Когда я выкидываю пустую банку в ближайшую урну, Донни говорит:
– Как тебя зовут, мальчик?
Голос тот же, но тон отличается. Его приветливость улетучилась. Когда я встречаюсь с ним глазами, они всё ещё голубые, но становятся немного стальными, чего я не замечал до этого, новая прямота.
Иногда неправдоподобная история может показаться слишком неправдоподобной, чтобы быть ложью, и по этой причине она ослабляет подозрение. Так что я выбрал:
– Поттер. Гарри Поттер.
Его взгляд такой же острый, как игла у детектора лжи.
– Это звучит настолько же правдоподобно, как если бы ты сказал: «Бонд. Джеймс Бонд».
– Ну, сэр, это имя, которое я получил. Мне оно всегда нравилось до книг и фильмов.

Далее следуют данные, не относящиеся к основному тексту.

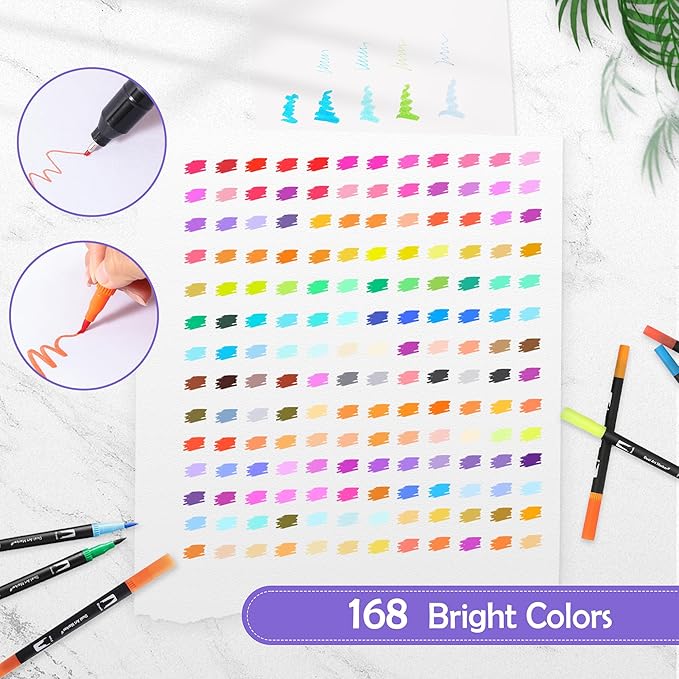 168 Colors Brush & Fine Dual Tip Watercolor Markers Set for Kids Adults Coloring Books No Bleeding Paint Pens For Drawing Note taking Planner Calligraphy Journaling Card Making Art Supplies
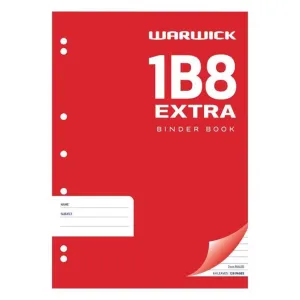 Warwick Exercise Book 1B8 64 Leaf A4 Punched Ruled 7mm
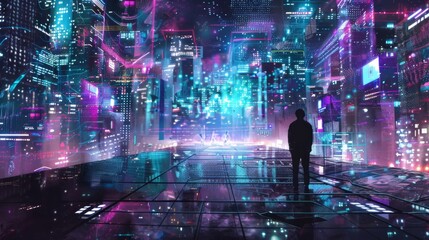 Man Standing in Front of Neon-Lit City - obrazy, fototapety, plakaty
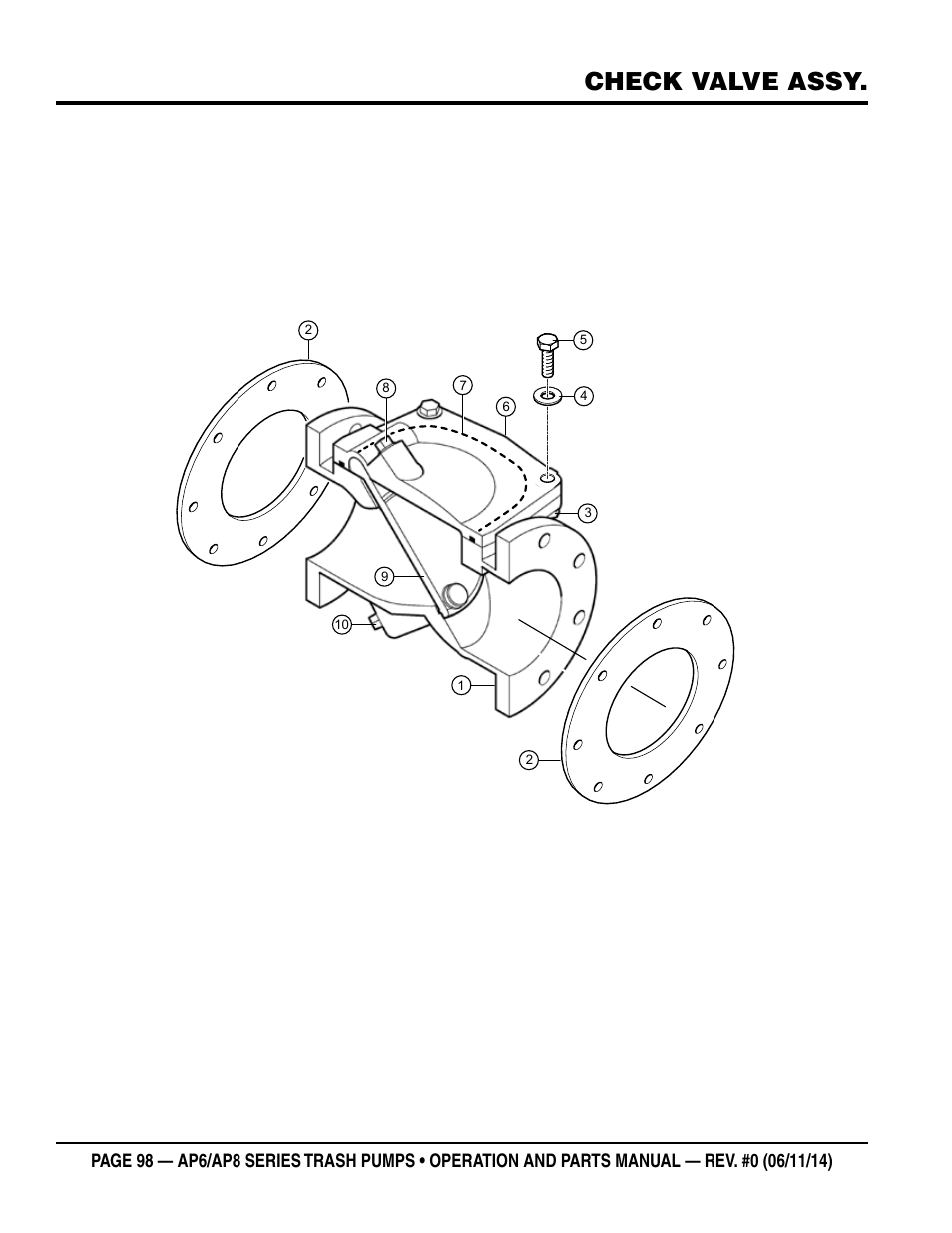 Check valve assy | Multiquip AP6 Series User Manual | Page 98 / 124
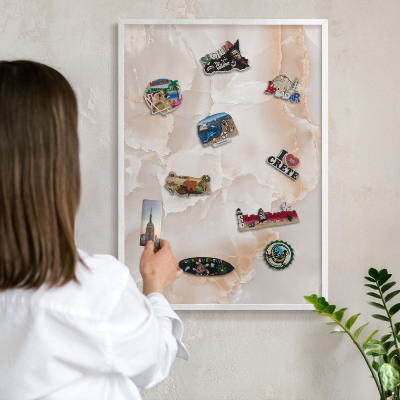 Magnetic board for travel magnets in a white frame Subtle waves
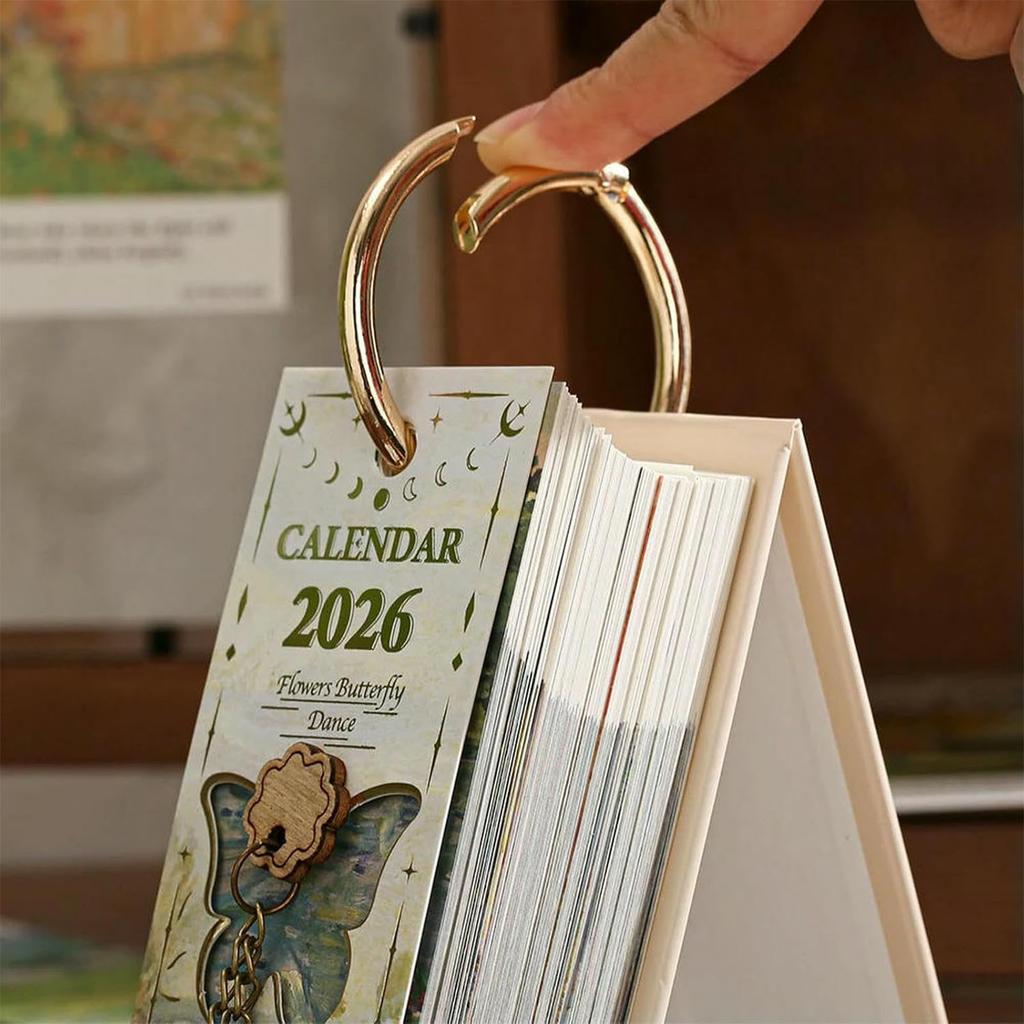 Настольный календарь-стенд с золотым кольцевым переплетом, календарь-планировщик с вдохновляющими цитатами в стиле масляной живописи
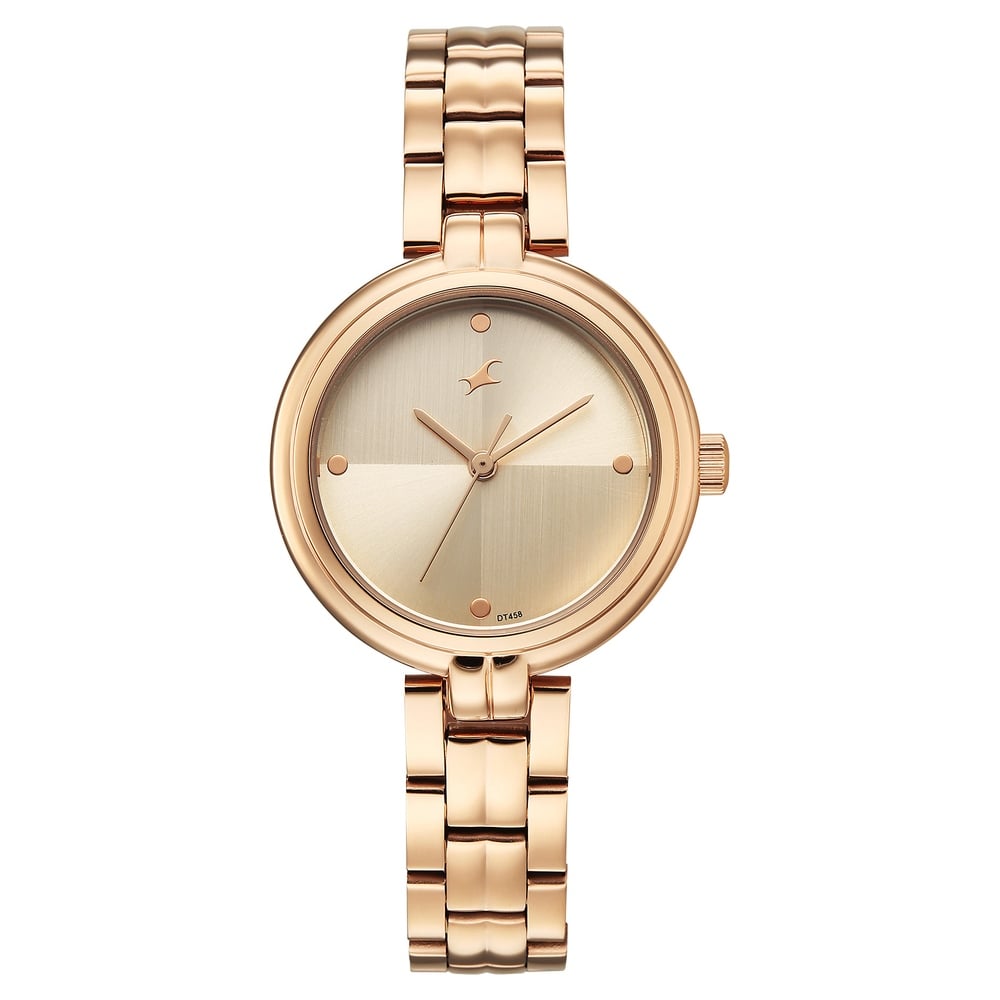 Fastrack Stunners Quartz Analog Beige Dial Rose Gold Stainless Steel Strap Watch For Girls 68063WM01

Когда примерно в тысячный раз кто-то спросил меня, правда ли я волшебник, я начал мечтать о том, чтобы моё имя стало любым другим, как Лекс Лютор[22] или какое-нибудь ещё.
Дружелюбная и общительная манера Донни на мгновение сделала «Уголок Гармонии» почти таким же добрым, как Пуховая опушка[23]. Но теперь воздух пахнет солёным морем меньше, чем разлагающимися водорослями, блеск бензоколонки кажется таким же неприятным, как освещение комнаты для допросов в полицейском участке, и когда я смотрю ввысь на небо, то не могу найти Кассиопею или другое созвездие из тех, что знаю, как будто Земля отвернулась от всего, что привычно и утешительно.
– Итак, если ты не волшебник, Гарри, то каким родом занятий, говоришь, ты занимаешься?
Не только его тон отличается, но также и дикция. И у него, кажется, начались проблемы с кратковременной памятью.
Возможно, он отмечает моё удивление и верно предполагает причину этого, потому что говорит:
– Да, я знаю, что ты сказал, но подозреваю, что это далеко не всё.
– Извините, но повар – это всё, сэр. Я не мальчик со многими способностями.
Его глаза сужаются в подозрении.
– Яйца – развали и растяни их. Сердечные дранки.
Я, как прежде, перевожу.
– Подать три яйца вместо двух – это растянуть их. Развалить их – означает взболтать. Сердечные дранки – тост с дополнительным маслом.
С глазами, сжатыми до щёлок, Донни напоминает мне Клинта Иствуда[24], если бы Клинт Иствуд был на восемь дюймов ниже, тридцать фунтов тяжелее, менее красивым, с присущим мужчинам облысением и со скверным шрамом.
Он делает из простого утвердительного тона угрозу:
– «Гармонии» не нужен ещё один повар блюд быстрого приготовления.